王樹森Transformer學習筆記

Transformer
BERT：Bidirectional Encoder Representations from Transformers
Summary
Reference

Transformer

Transformer是完全由Attention和Self-Attention結構搭建的深度神經網路結構。

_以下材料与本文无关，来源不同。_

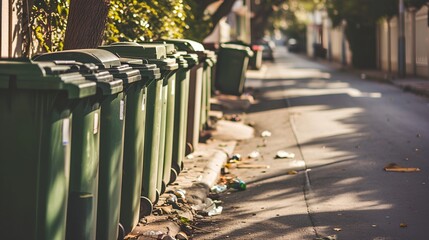 a row of trash cans on the side of a street - obrazy, fototapety, plakaty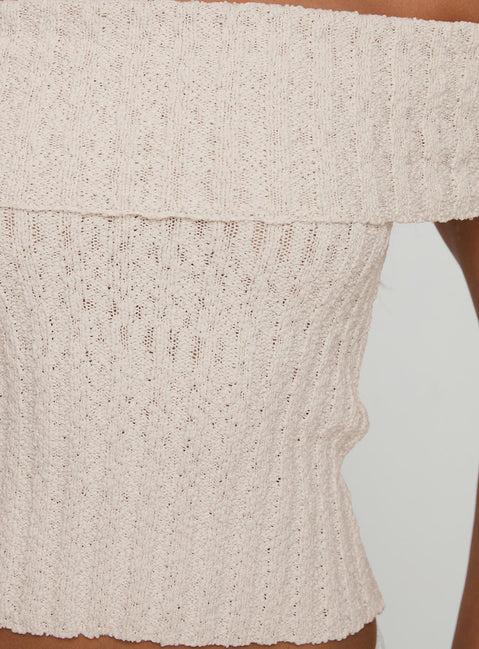 Murmur Off Shoulder Top Beige Product Image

其中最為重要的就是Attention和Self-Attention結構。

Attention結構

Attention Layer接收兩個輸入\(X = [x_1, x_2, x_3, ..., x_m]\)，Decoder的輸入為 \(X' = [x_1^{'}, x_2^{'}, x_3^{'}, ...,x_t^{'}]\)，得到一個輸出\(C = [c_1, c_2, c_3, ..., c_t]\)，包含三個引數：\(W_Q, W_K, W_V\)。

具體的計算流程為：

首先，使用Encoder的輸入來計算Key和Value向量，得到m個k向量和v向量：\(k_{:i} = W_Kx_{:i}, v_{:i} = W_vx_{:i}\)
然後，對Decoder的輸入做線性變換，得到t個q向量：\(q_{:j} = W_Qx_{:j}^{'}\)
計算權重：\(\alpha_{:1} = Softmax(K^Tq_{:1})\)
計算Context vector：\(c_{:1} = \alpha_{11}v_{:1} + \alpha_{21}v_{:2} + ...\alpha_{m1}v_{:m} = V\alpha_{:1} = VSoftmax(K^Tq_{:1})\)
用相同的方式計算\(c_2, c_3, ..., c_t\)，得到\(C = [c_1, c_2, ..., c_t]\)

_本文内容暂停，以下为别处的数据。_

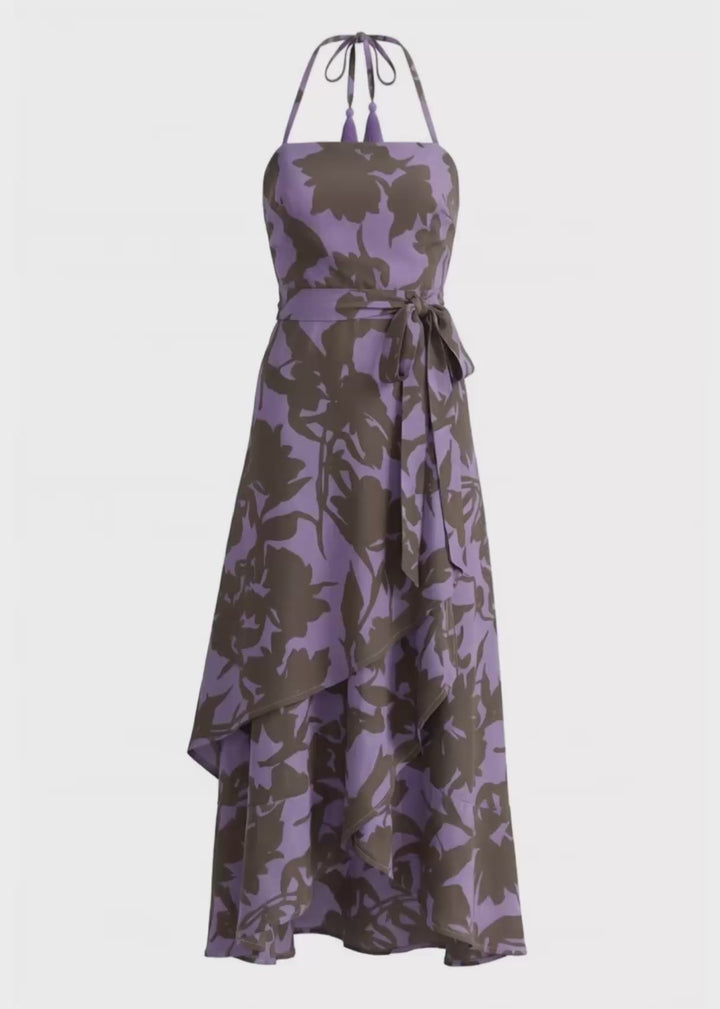Zyanda Lavender Island silk wrap dress full length view showing one size fits most design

Key：表示待匹配的值，Query表示查詢值，這m個\(\alpha_{:j}\)就說明是query（\(q_j\)）和所有key（\([k_{:1}, k_{:2}, ..., k_{:m}]\)）之間的匹配程度。匹配程度越高，權重越大。V是對輸入的一個線性變化，使用權重對其進行加權平均得到相關矩陣\(C\)。在Attention+RNN的結構中，是對輸入狀態進行加權平均，這裡\(V\)相當於對\([h_1, h_2, ..., h_m]\)進行線性變換。

Self-Attention結構

Attention結構接收兩個輸入得到一個輸出，Self-Attention結構接收一個輸入得到一個輸出，如下圖所示。中間的計算過程與Attention完全一致。

Multi-head Self-Attention

上述的Self-Attention結構被稱為單頭Self-Attention（Single-Head Self-Attention）結構，Multi-Head Self-Attention就是將多個Single-Head Self-Attention的結構進行堆疊，結果Concatenate到一塊兒。

假如有\(l\)個Single-Head Self-Attention組成一個Multi-Head Self-Attention，Single-Head Self-Attention的輸入為\(X = [x_{:1}, x_{:2}, x_{:3}, ..., x_{:m}]\)，輸出為\(C = [c_{:1}, c_{:2}, c_{:3}, ..., c_{:m}]\)維度為\(dm\)，

則，Multi-Head Self-Attention的輸出維度為\((ld)*m\)，引數量為\(l\)個\(W_Q, W_K, W_V\)即\(3l\)個引數矩陣。

Multi-Head Attention操作一致，就是進行多次相同的操作，將結果Concatenate到一塊兒。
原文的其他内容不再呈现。